Puntuale come un orologino svizzero, arriva il contrattacco della classe dominante borghese alla straordinaria vittoria del NO al referendum del 4 dicembre, che ha mandato in fumo la controriforma costituzionale voluta e sostenuta dal grande capitale industriale e finanziario internazionale. Il bersaglio è la libertà di Internet.

Il disegno liberticida
A svelare il grave disegno liberticida è stato Giovanni Pitruzzella, l'avvocato di Schifani e uno dei 35 “saggi” scelti da Letta per “riformare” la Costituzione prima che Renzi gli facesse le scarpe, messo da Monti a capo dell'Antitrust. In un'intervista concessa il 30 dicembre nientemeno che al “Financial Times”, che ancora si morde le mani per l'uscita della Gran Bretagna dall'Ue e per la sconfitta di Hillary Clinton dopo essersi esposto in senso contrario, Pitruzzella dichiara: “Siamo a un bivio: dobbiamo scegliere se vogliamo lasciare Internet così com'è, un Far West, oppure se imporre regole [...] Io ritengo che dobbiamo fissare queste regole e che farlo spetti al settore pubblico”. Ci vorrebbe un'agenzia “pronta a intervenire se l'interesse pubblico viene minacciato”. In parole povere: censura.
L'idea non appartiene al solo Pitruzzella ma pare proprio essere alla base di un piano ben studiato. Non si spiegano altrimenti gli interventi pressoché speculari del ministro della Giustizia Orlando, sulla “responsabilizzazione” dei social network “nel contrasto alla propaganda dell'odio”, ma soprattutto di Mattarella, il quale nel discorso di fine anno ha detto che Internet è una tecnologia da difendere “contro chi vorrebbe trasformarla in un ring permanente”.
Addirittura il 23 novembre scorso il Parlamento europeo, sicuramente per scongiurare un propagarsi della “Brexit” che teme come la peste, ha già approvato una risoluzione contro la “propaganda nei confronti dell'Ue da parte di terzi”, dove si afferma esplicitamente che il pluralismo dei media (leggi la libertà di stampa) “può essere in una certa misura limitato” (!) se finisce per “screditare... le istituzioni dell'Ue e i partenariati transatlantici” (!!).

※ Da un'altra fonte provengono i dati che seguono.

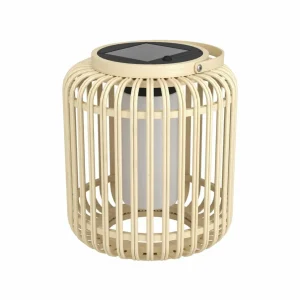 EGLO Lanterne LED solaire Marliano, bois clair, bois^ Lampes Décoratives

Un fatto che avrebbe dovuto suscitare la reazione indignata della stampa “democratica” e invece è passato in sordina e questo la dice lunga su quanto i mass media siano effettivamente liberi.
In altre parole la classe dominante e i suoi servi politici non sopportano che le masse si stiano sempre più disaffezionando ai mass media “tradizionali”, che propongono una versione preventivamente censurata della realtà, e vogliono seppellire tutte le malefatte del loro sistema, le disparità sociali e gli scontri di classe sotto il tappeto della “bufala”. Un calderone dove può finire di tutto, da “Wikileaks” alle critiche sull'esercito imperialista europeo, dalle lotte delle popolazioni locali contro progetti dannosi e utili solo al profitto capitalistico o agli interessi dell'imperialismo come TTIP, Tav, Muos, Mose e così via fino alle denunce sulla “deriva autoritaria” lanciate dai Comitati per il NO riguardo alla controriforma Renzi-Boschi. Per non parlare del danno che potrebbe fare alle questioni oscure irrisolte: dalla trattativa Stato-mafia alle stragi. Se tale censura preventiva fosse stata già in vigore, a noi avrebbero sicuramente tappato la bocca nei mesi scorsi quando denunciavamo, documenti alla mano, che la “riforma” era la continuazione del piano neofascista e piduista di Craxi e Berlusconi.

Grave errore di Grillo
Non possiamo però associarci a Beppe Grillo, il quale ha concentrato tutti gli attacchi sulla stampa cartacea e sui telegiornali, rei di essere i megafoni del governo, e ha invocato una “giuria popolare” per mettere al vaglio le “bufale” ufficiali.
Nello scoprire l'acqua calda, cioè che la stampa di regime veicola un'informazione menzognera e filopadronale, il milionario padrone del M5S voleva in realtà contrattaccare all'offensiva mediatica a proposito delle fallimentari esperienze di governo locale del Movimento, tipo Raggi a Roma, ma ha finito per fare favorire il governo perché ha spostato l'attenzione dal suo gravissimo tentativo di imporre la mordacchia a Internet mentre ha indebolito e disorientato il fronte democratico che si oppone strenuamente al controllo governativo anche sulla dialettica e sull'esposizione delle varie posizioni politiche in rete.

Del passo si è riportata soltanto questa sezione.